Click Streams are Dirty


Lee Odden asks Matt Cutts about clickstreams. Matt made it sound as though generally they had little value:

I’m not going to say definitively that Google doesn’t/won’t use toolbar data (or other signals) in ranking. I think what you were picking up on was my long list of “cons” in data like that.

Regarding cons of using toolbar data, the main reason would be if people were to spoof toolbar data to make a page or domain look more visited than it was. For example, at SES New York, I pointed out that Alexa provides a “Related Links” feature for web sites, and that data had been spammed to show related sites being job sites, poker sites, etc.

This is quite contrary to Mike Grehan's recent article mentioning clickstreams.

Links are good. But you can only get links from other people who have Web sites. What about the millions of end users who don't have sites? The only way they can show a search engine their approval of results' relevancy is by voting with clicks.

I now tend to look at links as a peer group review. If your community thinks your site is the greatest piece of work ever and decides to link to it, you have their vote. End users will decide whether the community was right or wrong.

Is Matt leading us astray, or do you think Google does not use clickstreams at this point? With as sophisticated as some of their algorithms are you would think that they would be able to find some signal out of toolbar data, wouldn't you?

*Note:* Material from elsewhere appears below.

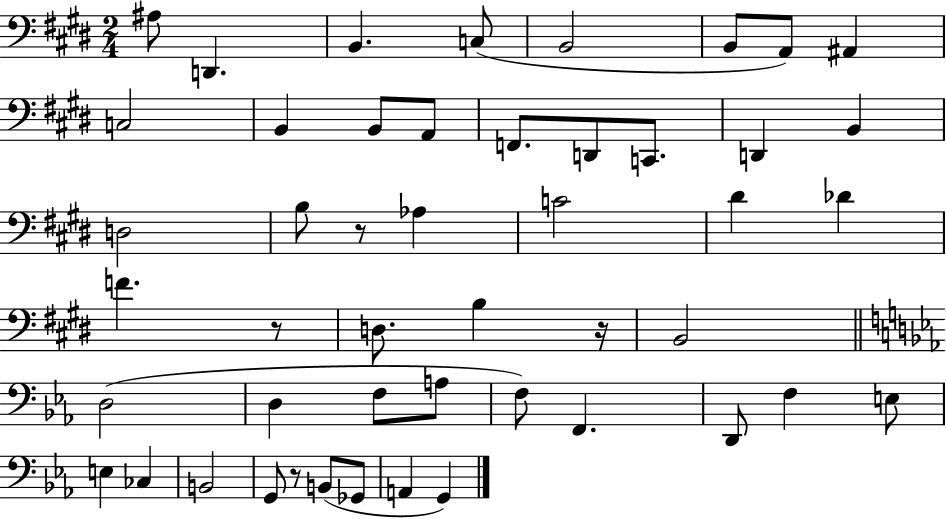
A#3/e D2/q. B2/q. C3/e B2/h B2/e A2/e A#2/q C3/h B2/q B2/e A2/e F2/e. D2/e C2/e. D2/q B2/q D3/h B3/e R/e Ab3/q C4/h D#4/q Db4/q F4/q. R/e D3/e. B3/q R/s B2/h D3/h D3/q F3/e A3/e F3/e F2/q. D2/e F3/q E3/e E3/q CES3/q B2/h G2/e R/e B2/e Gb2/e A2/q G2/q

Both Mike and Matt's Points Are Valid

It can be a great tool, but it's also easily manipulated. That being the case, if it were my engine, I would go out of my way to convince my enemy I would never user it. That way I could use it without the data being tainted.....

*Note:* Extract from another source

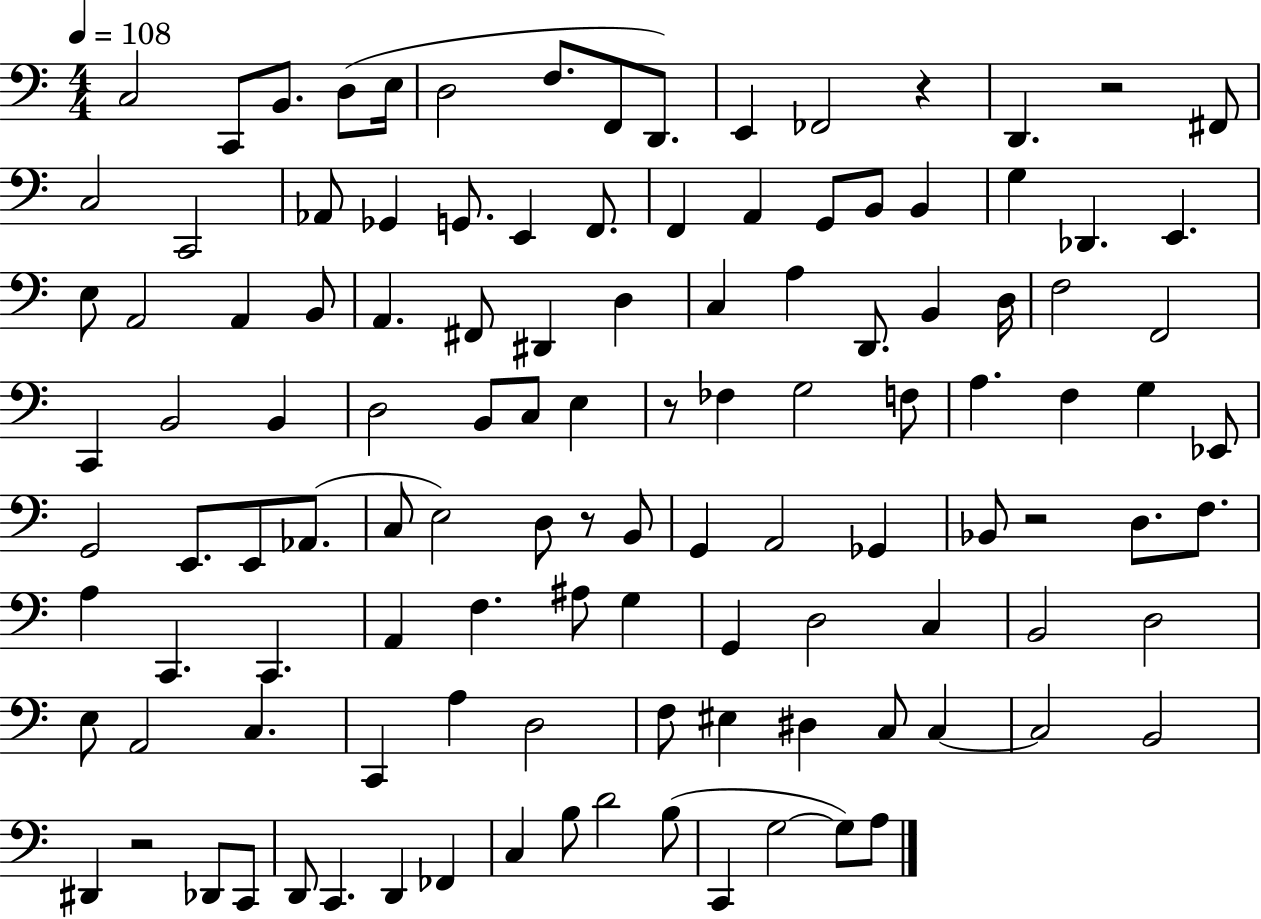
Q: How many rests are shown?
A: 6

Yeah if I remember correctly

Yeah if I remember correctly Mike Grehan mentioned user data and/or search patterns (e.g. searches for your website's name) as possible reasons 'legit' sites beat the sandbox-which-doesn't-exist.

And again if I remember correctly Brett Tabke stated in that recent WMW thread, point blank, that Google has been using user data since Florida.

Cutts' points would seem to contradict that sentiment -- almost. But in classic Cutts fashion, he does, of course, leave room for gray area.

Ultimately, I'm going to say they ARE using user data. Of course it is muddied and spammed. Did that ever stop them from analyzing links?

They'll just try to use the less-spammable components from user data... there's a signal in there somewhere

> I would go out of my way to convince my enemy I would never user it. That way I could use it without the data being tainted


not "exactly"

Some time ago pre-Toolbar, when everyone was starting to see how links might be ... well let's just say "managed for competitive gain", they were suggesting that clickstream would be really useful, and that link pattern research would be revealing. Once the Toolbar was out, ole Bret routinely fired it up to bring the spiders to his new sites/pages, and advised others to do the same. Clickstream at work. Brett's an old hand at click stream manipulation... he's one of the reliable stalwart defenders of Alexa rankings (I think he has a webmaster website, too).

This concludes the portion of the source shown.